#### [Supplied data]
Start of Block

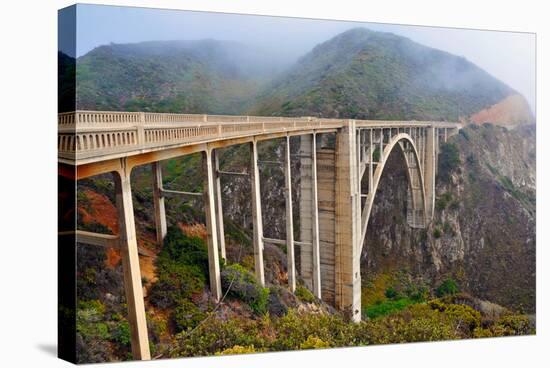 Bixby Bridge, Big Sur California-robert cicchetti-Stretched Canvas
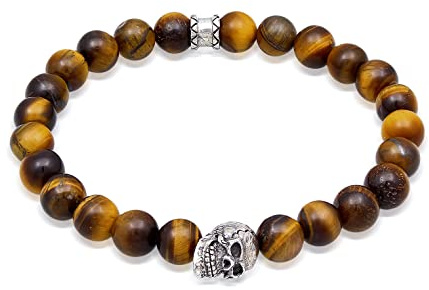 Kuzzoi Herren Armband mit Tigerauge Perlen Totenkopf Bead aus 925 Silber | Chakra Yogaarmband Energiearmband Länge 19-23 cm elastisch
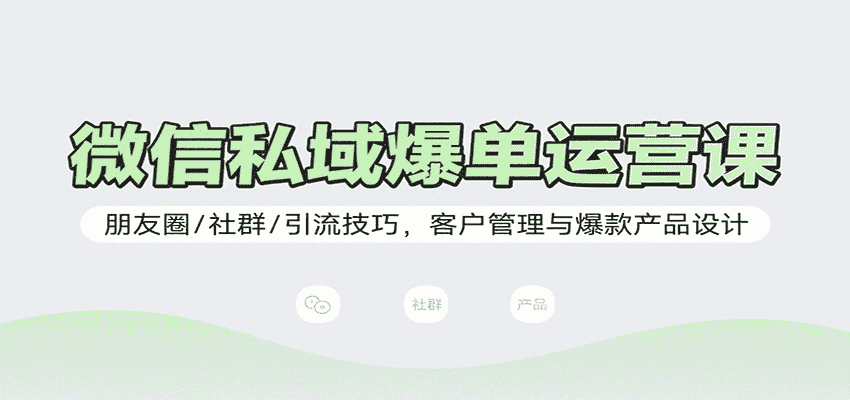微信私域爆单运营课：朋友圈/社群/引流技巧，客户管理与爆款产品设计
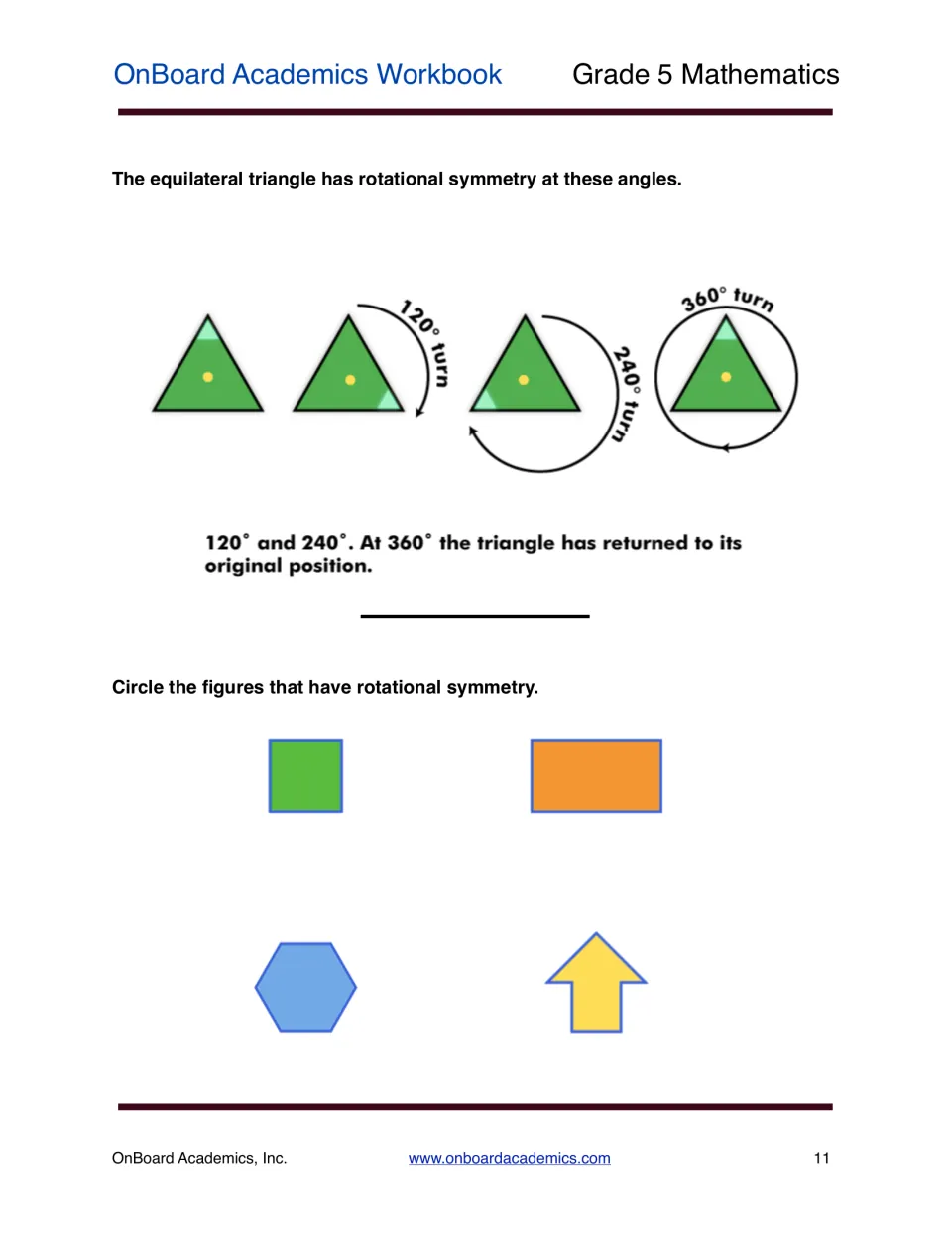 Equilateral triangle shown with rotational symmetry at 120° and 240°; students circle which of four shapes also have it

End of Block

Exactly reproduce the lines beginning at the one that contains "Kuzzoi Herren Armband" and ending at the final line of the material, with the pictures left out.

#### [Exercise solution]
 Kuzzoi Herren Armband mit Tigerauge Perlen Totenkopf Bead aus 925 Silber | Chakra Yogaarmband Energiearmband Länge 19-23 cm elastisch
微信私域爆单运营课：朋友圈/社群/引流技巧，客户管理与爆款产品设计
 Equilateral triangle shown with rotational symmetry at 120° and 240°; students circle which of four shapes also have it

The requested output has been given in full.